Infrequent deep watering is better than multiple light watering as this encourages deep root growth and makes the lawn less susceptible to drying out. We have no control over the natural rain fall, so use irrigation in combination with what Mother Nature provides, watch the weather, monitor rain fall amounts and add water as needed.

If you need to apply water, water early in the day to avoid excessive moisture staying on the grass blades, damp grass encourages the growth of fungal diseases on your lawn. Evening and night watering should be avoided if possible as grass blades will remain wet for a long time, if there is no other option, some water is better than none, but be aware and monitor for disease.

 If you do not wish to water your lawn or if your lawn is not receiving enough water and it goes brown and dormant, no amount of water during hot weather will bring it back to life! At that point you are best to stay off the dry brittle grass to avoid damage to the plants. When the weather becomes cool and moist again, your grass should recover. 

Mowing: 

Raise your mower blades in anticipation of hot weather. Taller grass provides shade to the soil helping to suppress weeds and retain moisture. Mow regularly, remove no more than 1/3 of the grass blade, this reduces stress on the grass and reduces the size of clippings which will help them break down quicker and the mulched clippings will help your soil retain moisture. 

Sharpen your mower blades! Grass should be cut, not shredded. Tearing causes stress to the grass blades, increasing water loss and disease susceptibility.

Mow in the morning or in the evening. Mowing during the heat of the day increases water usage and stress.

Fertilizing:

New Hampshire soils are naturally acidic; grasses prefer a soil pH nearer to 7, or neutral, in the 6-6.5 range. 

Soil pH, whether too low or too high, impacts the grass plants ability to take up nutrients from the soil. Low soil pH can be corrected with applications of lime. As lime requires time to react with the soil, spring and fall applications generally produce the best results. The only true way to determine your soil’s fertility and pH is with a soil test. Avoid fertilizing your lawn during the hot dry summer or if the grass is dormant. Nutrients put down on plants that cannot use them may burn the lawn and nutrients not absorbed by the lawn may “run off” causing an environmental hazard. 

Control Weeds, Disease and Insects:

Proper care of your grass plants will reduce weed, disease and insect pressure. Strong healthy grasses are more resistant to all pest attacks. Monitor your lawn for weeds, insects and diseases, early detection will allow for quicker control and reduce spread.

 If needed, apply post –emergent broadleaf weed control before weeds go to seed, use a product that controls broadleaf weeds without damaging grass. Avoid applying weed control to stressed, thirsty lawns, as grass damage may result under these conditions.

Weather conditions will determine what insects and diseases to keep a look out for. Hot dry weather will increase the risk of Chinch Bug and Grasshopper damage, apply insecticides only if necessary and follow all label directions. Grub control should be applied during mid-summer “when beetles fly, then apply”, these products are designed to break the beetle – grub lifecycle by eliminating next year’s adult beetle crop.

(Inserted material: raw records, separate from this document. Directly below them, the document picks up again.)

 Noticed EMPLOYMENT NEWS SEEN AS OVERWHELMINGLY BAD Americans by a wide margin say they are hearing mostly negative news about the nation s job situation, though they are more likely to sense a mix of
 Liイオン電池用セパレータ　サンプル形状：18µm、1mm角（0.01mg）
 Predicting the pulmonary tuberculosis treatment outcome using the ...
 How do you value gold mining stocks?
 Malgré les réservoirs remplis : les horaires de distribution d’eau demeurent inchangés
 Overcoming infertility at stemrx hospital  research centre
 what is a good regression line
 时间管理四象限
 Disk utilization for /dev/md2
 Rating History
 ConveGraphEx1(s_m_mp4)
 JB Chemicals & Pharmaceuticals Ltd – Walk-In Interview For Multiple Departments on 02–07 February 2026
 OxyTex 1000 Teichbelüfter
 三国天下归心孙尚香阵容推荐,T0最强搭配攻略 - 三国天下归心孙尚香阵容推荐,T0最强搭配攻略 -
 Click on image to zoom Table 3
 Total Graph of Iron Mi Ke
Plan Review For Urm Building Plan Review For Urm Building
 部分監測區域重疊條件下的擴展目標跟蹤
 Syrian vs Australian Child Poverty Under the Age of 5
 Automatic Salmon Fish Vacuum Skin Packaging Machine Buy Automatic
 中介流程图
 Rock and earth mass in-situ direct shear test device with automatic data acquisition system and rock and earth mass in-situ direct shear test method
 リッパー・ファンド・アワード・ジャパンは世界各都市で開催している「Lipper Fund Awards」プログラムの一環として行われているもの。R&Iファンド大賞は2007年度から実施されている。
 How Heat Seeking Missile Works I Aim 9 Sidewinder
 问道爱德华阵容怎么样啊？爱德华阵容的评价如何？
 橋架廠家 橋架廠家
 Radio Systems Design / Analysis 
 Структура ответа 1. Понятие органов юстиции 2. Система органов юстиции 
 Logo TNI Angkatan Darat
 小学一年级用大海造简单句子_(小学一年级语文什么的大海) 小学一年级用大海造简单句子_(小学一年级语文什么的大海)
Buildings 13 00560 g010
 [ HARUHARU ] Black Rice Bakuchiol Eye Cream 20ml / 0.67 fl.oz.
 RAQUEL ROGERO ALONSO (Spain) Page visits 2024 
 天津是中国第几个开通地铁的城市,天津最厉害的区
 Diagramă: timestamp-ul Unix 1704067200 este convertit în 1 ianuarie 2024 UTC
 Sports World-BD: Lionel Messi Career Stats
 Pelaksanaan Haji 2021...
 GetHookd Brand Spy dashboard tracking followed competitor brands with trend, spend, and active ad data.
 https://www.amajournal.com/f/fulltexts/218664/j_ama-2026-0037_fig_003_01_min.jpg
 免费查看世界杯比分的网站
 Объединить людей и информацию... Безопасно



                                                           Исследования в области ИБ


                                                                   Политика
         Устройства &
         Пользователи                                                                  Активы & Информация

Cool wet weather or watering in the evening will increase the risk of fungal diseases like Powdery Mildew, and Brown Patch. Timely applications of fungicide will reduce the damage caused by these diseases. 

Re-Seeding and repair:

Because of the nature of cool season grasses, it is best to re-seed and repair lawns in the fall. Later summer and early fall soil temperatures are high enough to promote seed germination, rainfall generally increases in the fall which reduces the risk of seedling death due to drying out and the cooler weather allows the grass to grow and become established before the cold and snow arrives again.